My idea is to apply Montel's theorem: for every $K\subset\mathbb{C}$ there is $M_{K}$ such that $|f(z)|\leq M_{K}$ for every $z\in K$. Then I obtain that the conditions are that $A$ and $B$ have to be bounded for which the family is normal.
This argument is correct?, or can you give me a hint of how to solve this of a more explicit way? 
 A: As Martin R pointed out, your argument is hard to judge without details. After adopting Montel's theorem, having deduced that it is necessary for $\mathfrak F_{A,B}$ to be normal that for each compact $K\subset\mathbb C$, $|f(z)|\leqslant M_K$ for some positive $M_K$ whenever $f\in\mathfrak F_{A,B}$ and $z\in K$, you can pick a compact $K_0$ that contains $0$ and $1$. Then consider $|f(0)|$ and $|f(1)|$ for each $f\in\mathfrak F_{A,B}$ and this gives the boundedness of $A$ and $B$.
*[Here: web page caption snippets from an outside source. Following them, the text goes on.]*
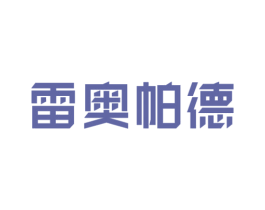 雷奥帕德 第25类服装鞋帽商标图样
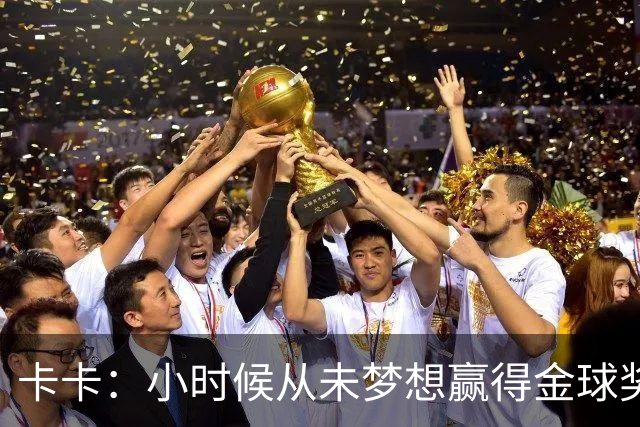 卡卡：小时候从未梦想赢得金球奖 我完全理解并尊重C罗的心态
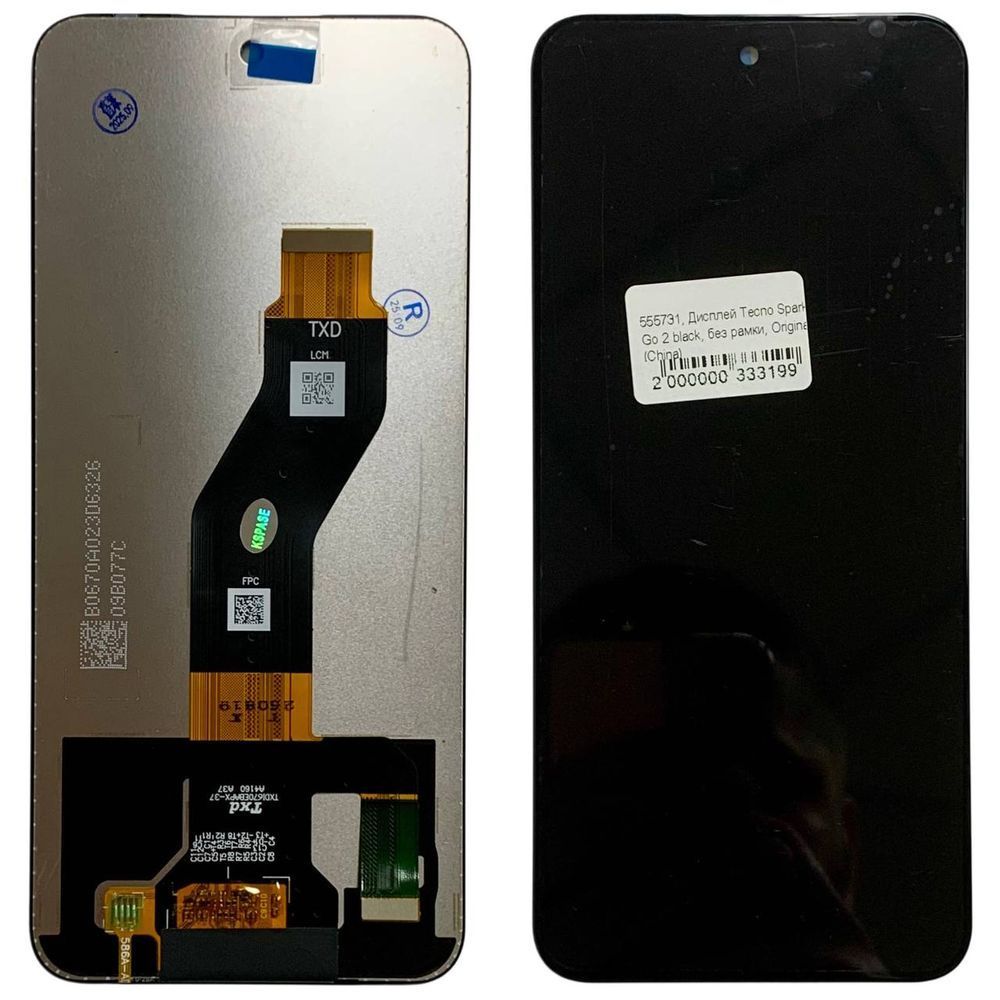 Дисплей для Infinix Note 50x 4g (X6857B) з чорним тачскріном, Original (China) (ver. TXD) 555731_11 фото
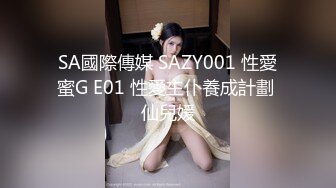 ❤️闷骚反差眼镜娘❤️娇小反差萌妹『OP酱』给大家表演极致反差 又纯又欲的乖乖女 萌萌的外表下是个反差小母狗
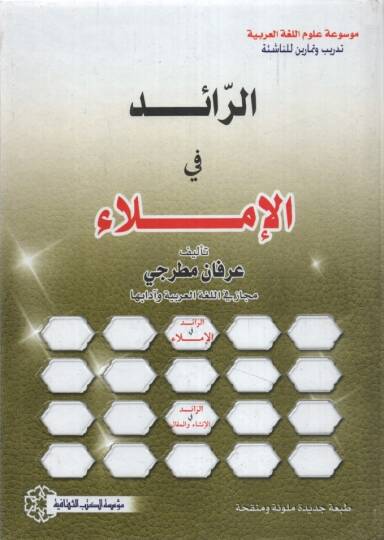 er-Raid fil-İmla - الرائد في الإملاء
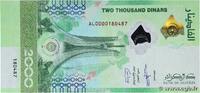ALGERIA 2000 Dinars Commémoratif ALGERIA 2000 Dinars Commémoratif 2022 UNC -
A: Claim: The necessary and sufficient condition is that $A$ is bounded.
Proof:
Suppose $A$ is not bounded. Let $|a_n| \rightarrow \infty$ and let $b\in B$. Consider the sequence $f_n(z)=a_nz+b$. Clearly $|f_n(z)|$ is unbounded in a neighborhood of the origin. Yet, $f_n(0)=b$ so $f_n \not\rightarrow \infty$   in a neighborhood of the origin, thus $F$ is not normal. 
On the other hand, suppose $A$ is bounded by $M<\infty$. Let |f(z)=az+b|, so |f'(z)=a|. Now apply Marty's theoream, where we see that $\dfrac{|f'(z)|}{1+|f(z)|^2} \leq \dfrac{a}{1+|f(z)|^2} \leq \dfrac{M}{1+|f(z)|^2} \leq M $. Marty's theorem then states that $F$ is normal.